FORCAST, which stands for Faint Object infraRed CAmera for the SOFIA Telescope, will be designed to image the regions of the universe visible in the infrared. It will fly aboard an airborne observatory known as the Stratospheric Observatory for Infrared Astronomy, or SOFIA. The first official flight of the special observatory is scheduled for July 2001.
"We hope to be looking at stars just being born," said Terry Herter, Cornell professor of astronomy and the principal investigator on the grant. "We'll be looking into the stars' neonatal environment and image that region."
Astronomers also will be able to peer into the center of the galaxy, as well as examine the disks of dust and gas around stars, which astronomers now believe eventually form planets.
The FORCAST instrument is being built at Cornell by Herter, Gordon Stacey, associate professor in astronomy, and George Gull, research support specialist in radiophysics and space research.
The FORCAST camera will take images in the 16-to 40-micron region of the spectrum, which humans cannot see with the naked eye, and will store them electronically. Herter explained there is an educational component in the grant and that the raw imaging data from FORCAST could be made available to the public, perhaps through the Internet.
NASA and the German space agency DARA are working to build SOFIA. It is a Boeing 747-SP aircraft modified to accommodate a 2.5-meter reflecting telescope, which is being made in Germany. When built, SOFIA will be the largest airborne telescope in the world and will make observations that are impossible for even the largest and highest of ground-based telescopes.
SOFIA will be based at NASA's Ames Research Center at Moffett Federal Airfield near Mountain View, Calif., and is expected to begin flying in the year 2001.
The Boeing 747-SP is an older plane that is getting a new lease on life. It originally was owned by Pan Am airlines, which named it the Clipper Lindbergh, after aviator Charles Lindbergh. Anne Morrow Lindbergh christened the plane. In 1986, United Airlines purchased the plane, and it was decommissioned in December 1995. NASA purchased the plane in 1997.

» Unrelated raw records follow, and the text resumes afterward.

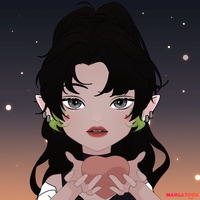 Jasbleydis Valderramaarmy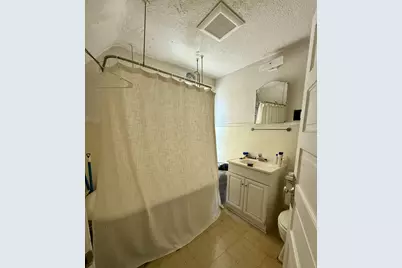 9 S Normal Street, Ypsilanti, MI 48197 - Photo 13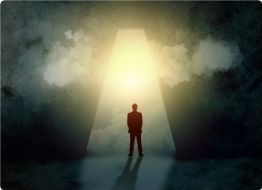 唐茉柒：1.17现在言顶为时尚早，黄金后市还有余力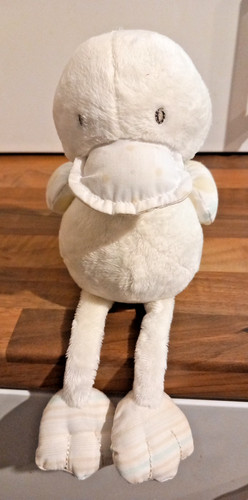 Marks spencer m s duck - 7",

FORCAST will be among six primary instruments aboard the observatory. The other instruments include spectrographs, photometers and a high-resolution wide-band camera.
For two decades, NASA's Kuiper Airborne Observatory (KAO) has provided astronomers the opportunity to study infrared regions of the universe that are obscured by the Earth's atmosphere at ground-based sites. The KAO was a C-141 cargo plane modified to carry a 91-cm telescope. Astronomers can use these aircraft to look at the distant, infrared-visible region of the universe and observe transient, astronomical events (such as eclipses) from anywhere around the world.
SOFIA, KAO's successor, in addition to having 10 times the sensitivity and the capability to produce 10 times finer pictures, will have a broad set of high technology and sophisticated instruments.